- [What you will do] Transcribe the listing that follows in full, omitting pictures.

- [Given information]
##########
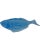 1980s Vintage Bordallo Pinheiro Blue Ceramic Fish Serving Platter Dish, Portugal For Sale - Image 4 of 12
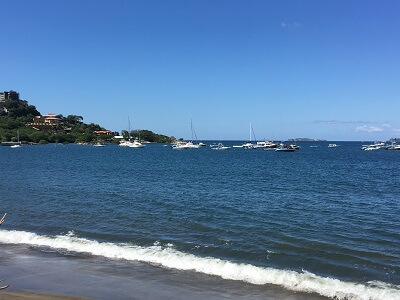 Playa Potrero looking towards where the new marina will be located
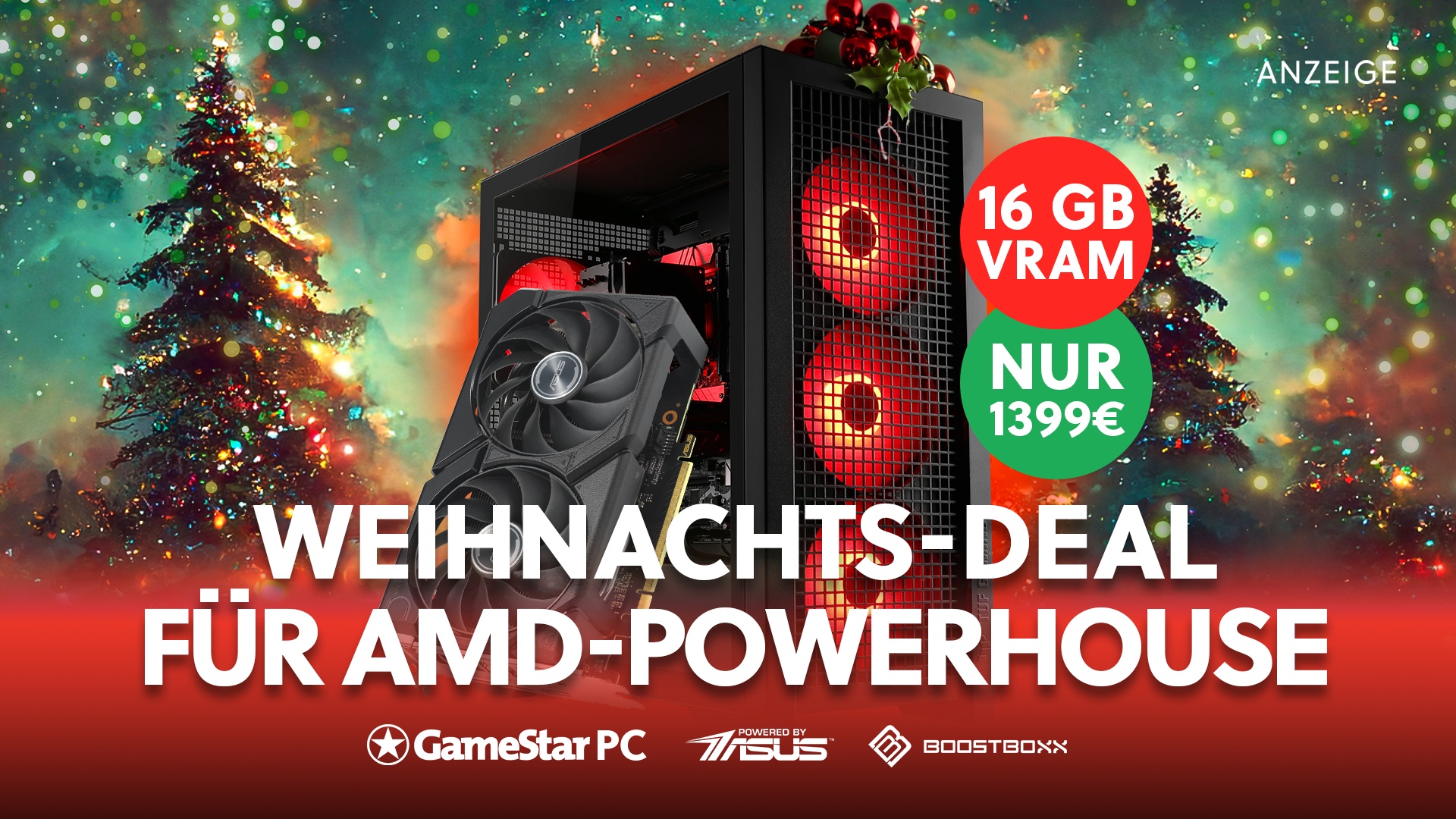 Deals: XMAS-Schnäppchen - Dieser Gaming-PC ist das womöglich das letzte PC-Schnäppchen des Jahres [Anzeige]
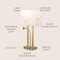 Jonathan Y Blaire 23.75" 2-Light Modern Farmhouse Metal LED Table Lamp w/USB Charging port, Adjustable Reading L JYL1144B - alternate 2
##########
- [Result for this exercise]
 1980s Vintage Bordallo Pinheiro Blue Ceramic Fish Serving Platter Dish, Portugal For Sale - Image 4 of 12
 Playa Potrero looking towards where the new marina will be located
 Deals: XMAS-Schnäppchen - Dieser Gaming-PC ist das womöglich das letzte PC-Schnäppchen des Jahres [Anzeige]
 Jonathan Y Blaire 23.75" 2-Light Modern Farmhouse Metal LED Table Lamp w/USB Charging port, Adjustable Reading L JYL1144B - alternate 2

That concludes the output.